### [What to produce]
What you give back from the listing below should be an exact copy of the lines from the one with "Cat Scratching Board" down to the one with "Lilac Printed T-shirt Front", and it should contain no pictures.

### [Supplied records]
-*-*-

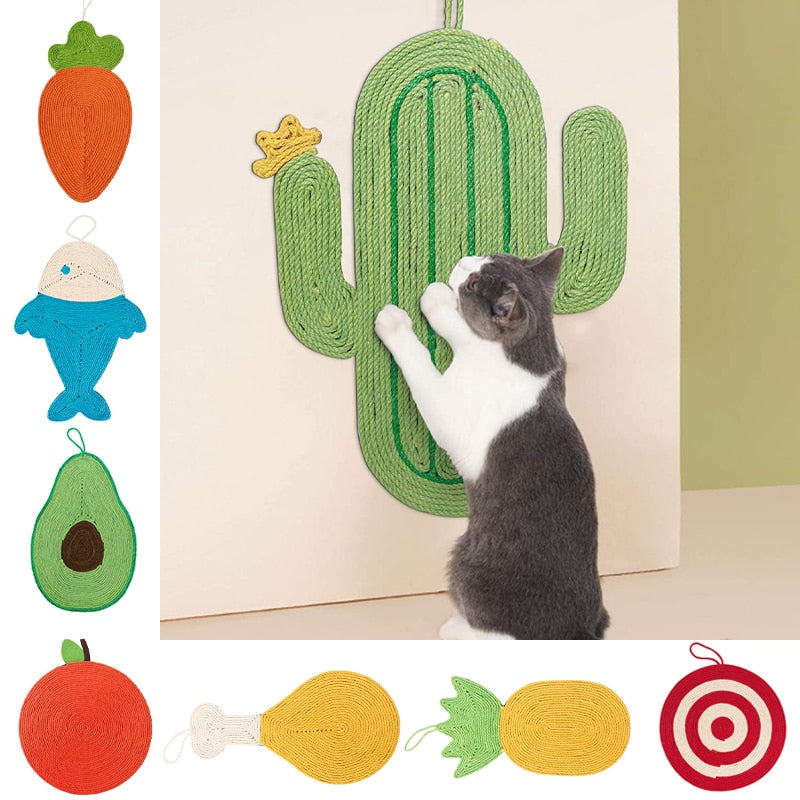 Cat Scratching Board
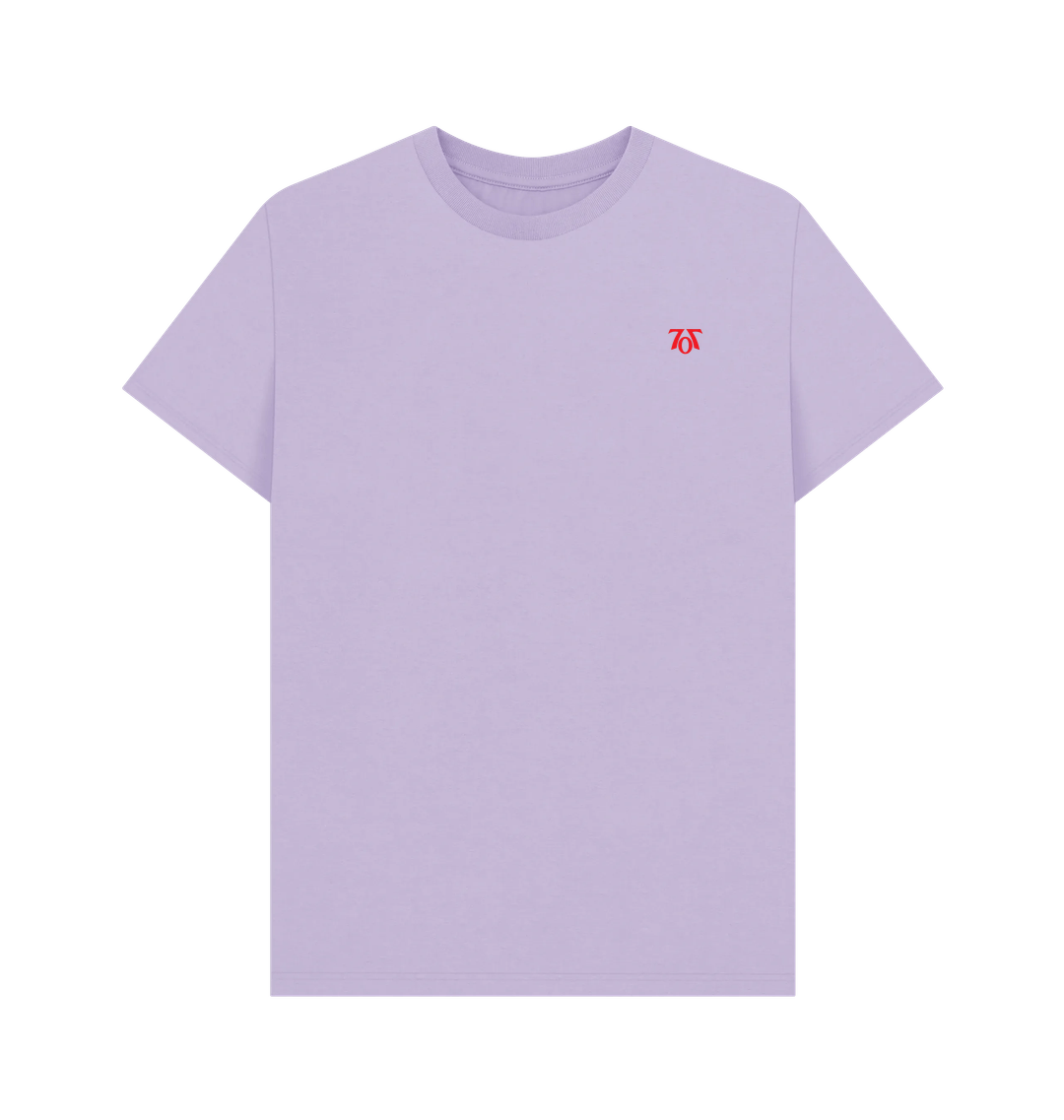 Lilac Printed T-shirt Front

-*-*-

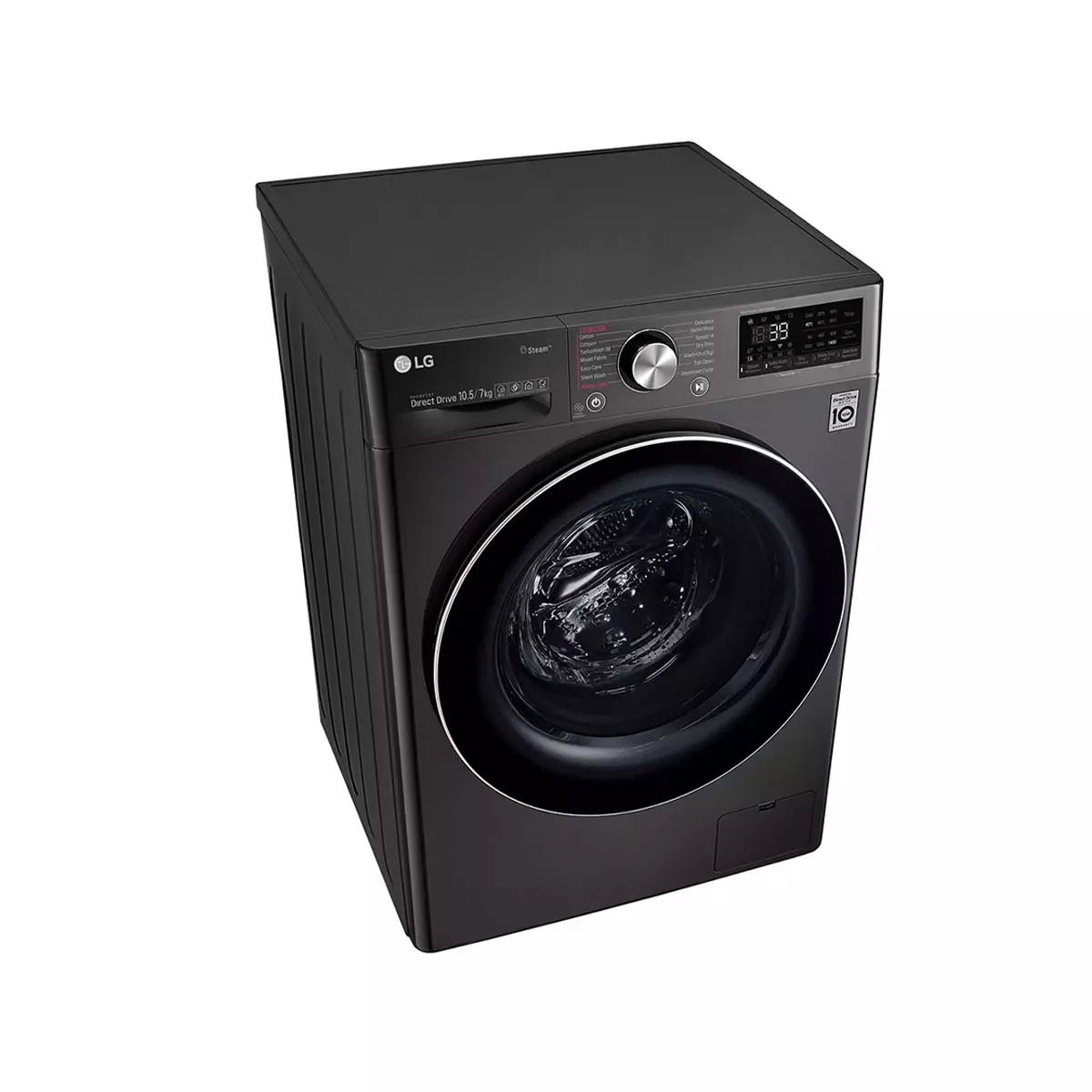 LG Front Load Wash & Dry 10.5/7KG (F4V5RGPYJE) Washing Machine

-*-*-

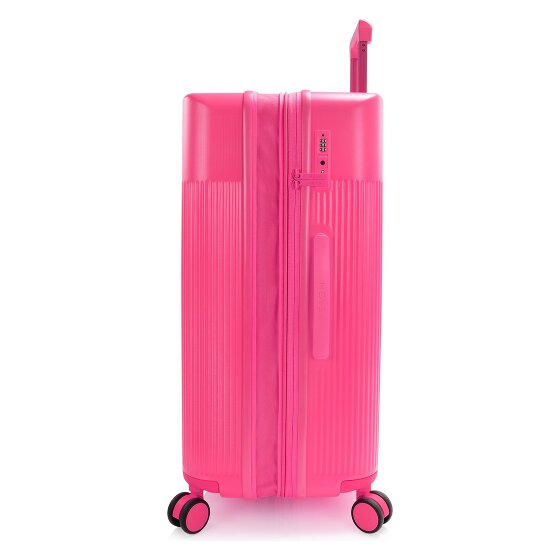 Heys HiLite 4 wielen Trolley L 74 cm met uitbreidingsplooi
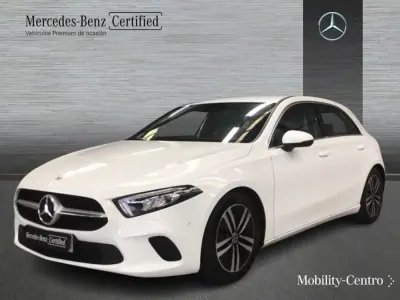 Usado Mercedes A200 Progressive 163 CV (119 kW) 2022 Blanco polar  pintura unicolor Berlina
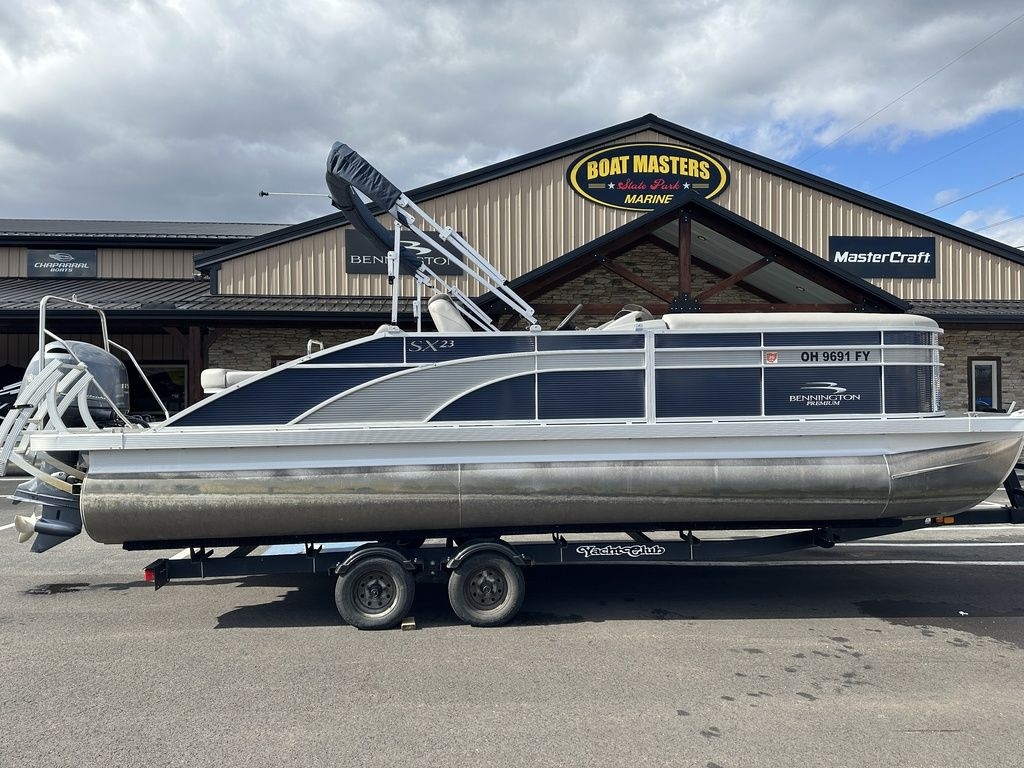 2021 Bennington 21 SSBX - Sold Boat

-*-*-

### [Response for this exercise]
 Cat Scratching Board
 Lilac Printed T-shirt Front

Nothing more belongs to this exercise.